Apart from The Tallis Scholars, Peter Phillips continues to work with other specialist ensembles. He has appeared with the Collegium Vocale of Ghent, Intrada of Moscow, Musica Reservata of Barcelona and El Leon de Oro of Oviedo, and is currently working with the BBC Singers, the Netherlands Chamber Choir, and Choeur de Chambre de Namur. He gives numerous master-classes and choral workshops every year around the world – amongst other places in Rimini (Italy), Evora (Portugal) and Avila (Spain). In 2014 he launched the London International A Cappella Choir Competition in St John's Smith Square, attracting choirs from all over the world, which successfully completed its third run in June 2017.
In addition to conducting, Peter Phillips is well-known as a writer. For 33 years he contributed a regular music column (as well as one, more briefly, on cricket) to The Spectator, recently bidding a fond farewell to the magazine in May 2016. In 1995 he became the owner and Publisher of The Musical Times, the oldest continuously published music journal in the world.
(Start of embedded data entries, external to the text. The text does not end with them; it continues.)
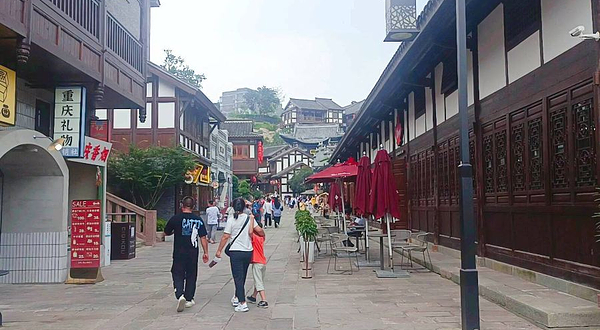 磁器口名特美食街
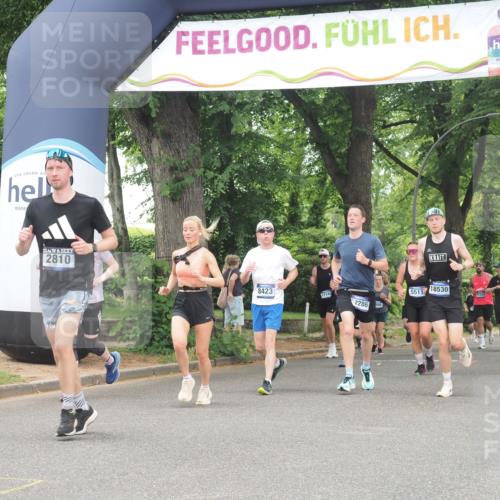 29.06.2025 - hella hamburg halbmarathon KatJ http://msf.ph/oto/8522253 29.06.2025 10:50:37 Zwischen KM18-KM19 2810, 3199, 3663, 8423 meine-sportfotos.de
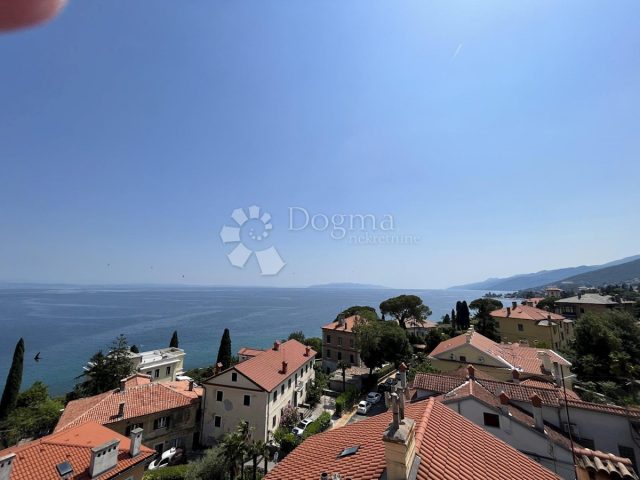 Appartamento in vendita 94 m² – Volosko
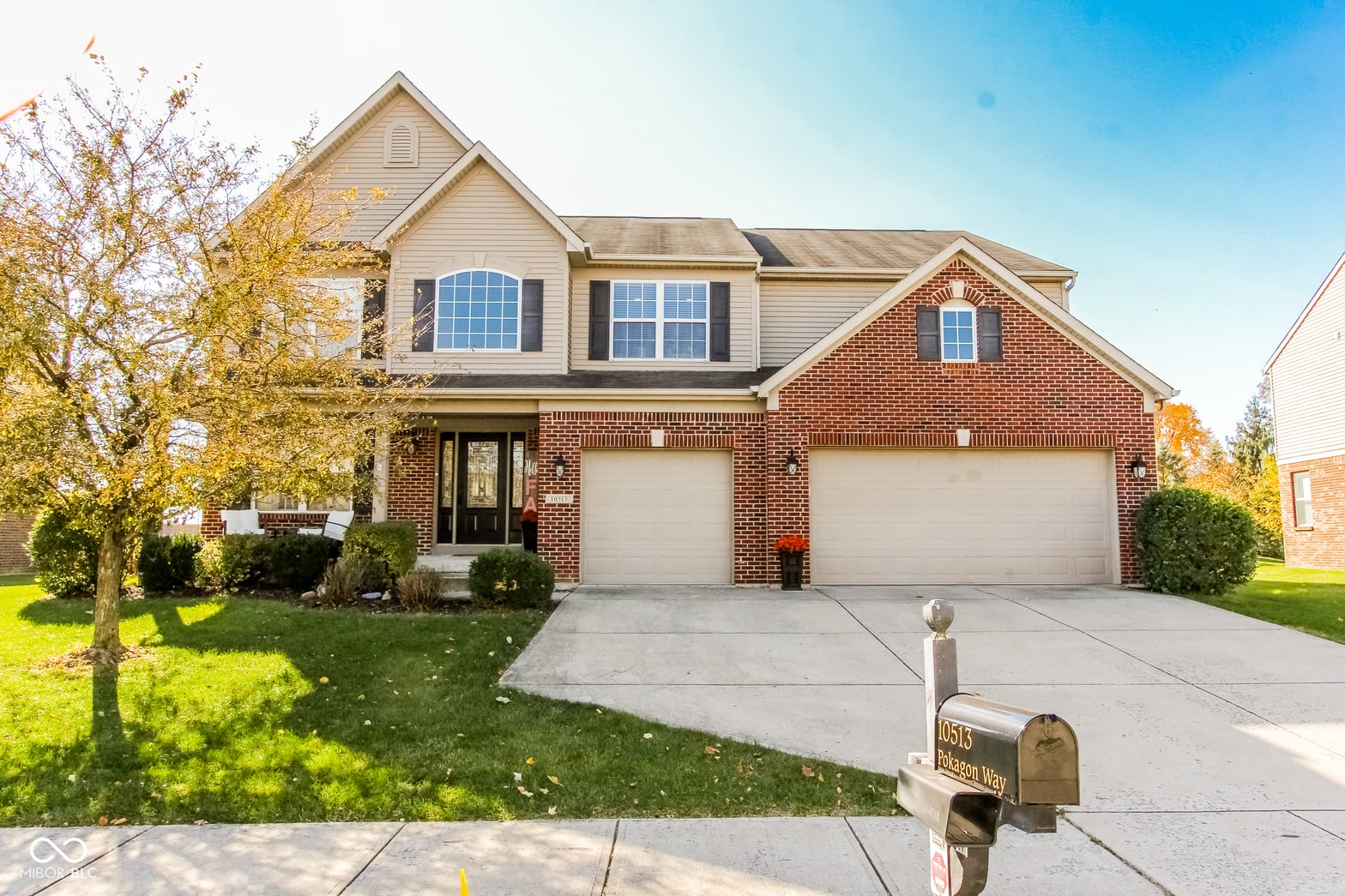 Front exterior at 10513 Pokagon Way, Indianapolis, IN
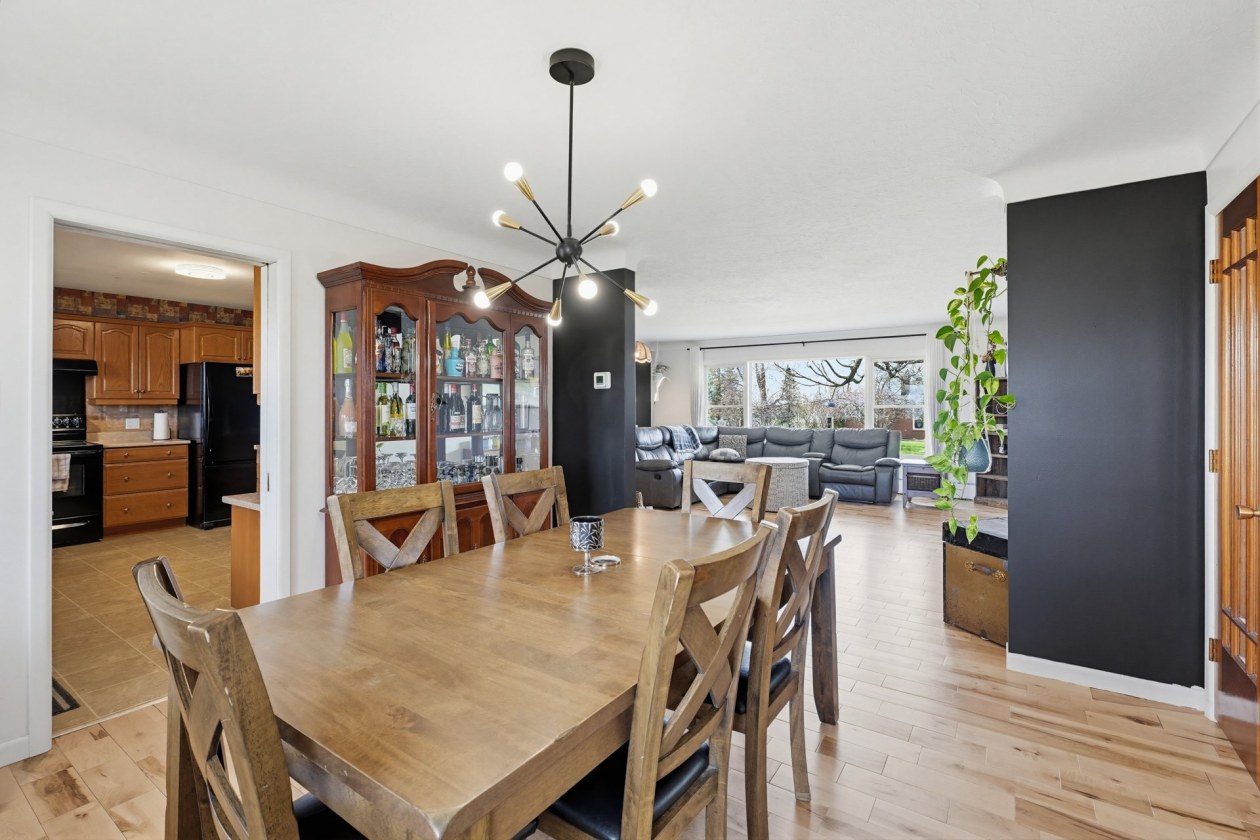 Salle à manger — 385 Rue Birch, Shawville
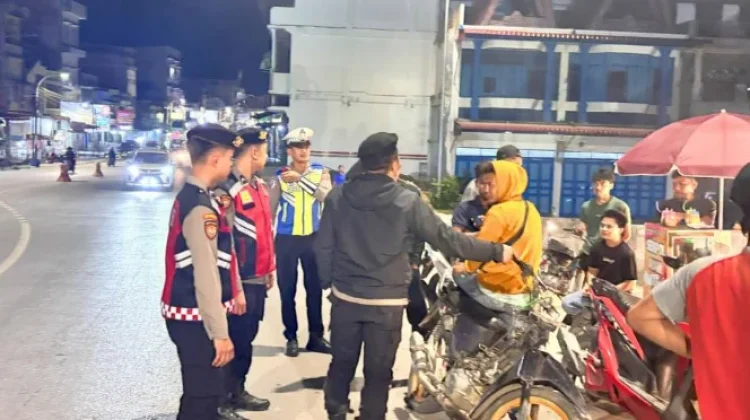 Cegah Balap Liar dan Kriminalitas, Polres Toba Gelar Patroli Besar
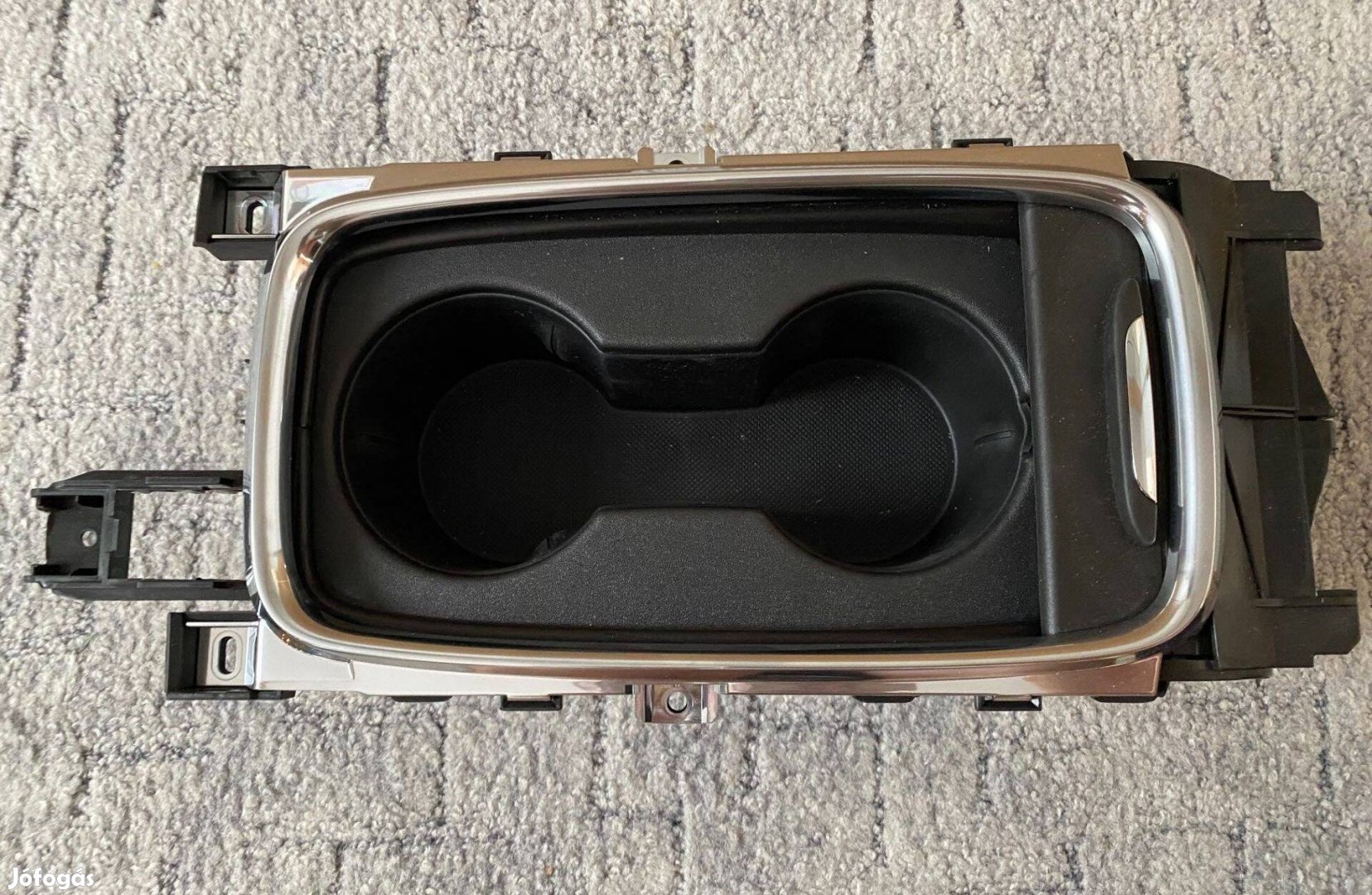 Opel Astra K pohártartó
His first book, English Sacred Music 1549–1649, was published by Gimell in 1991, while his second, What We Really Do, an unblinking account of what touring is like, alongside insights about the make-up and performance of polyphony, was published in 2003 and again in 2013.
In 2005 Peter Phillips was made a Chevalier de l’Ordre des Arts et des Lettres by the French Minister of Culture, a decoration intended to honour individuals who have contributed to the understanding of French culture in the world. In 2008 Peter was appointed a Reed Rubin Director of Music at Merton College, Oxford, where the new choral foundation he helped to establish began singing services shortly after. His involvement included many tours recordings and broadcasts a particular highlight being their first live broadcast on BBC Radio Three’s Choral Evensong in October 2011. Peter is now a patron of the choir and a Bodley Fellow of the college.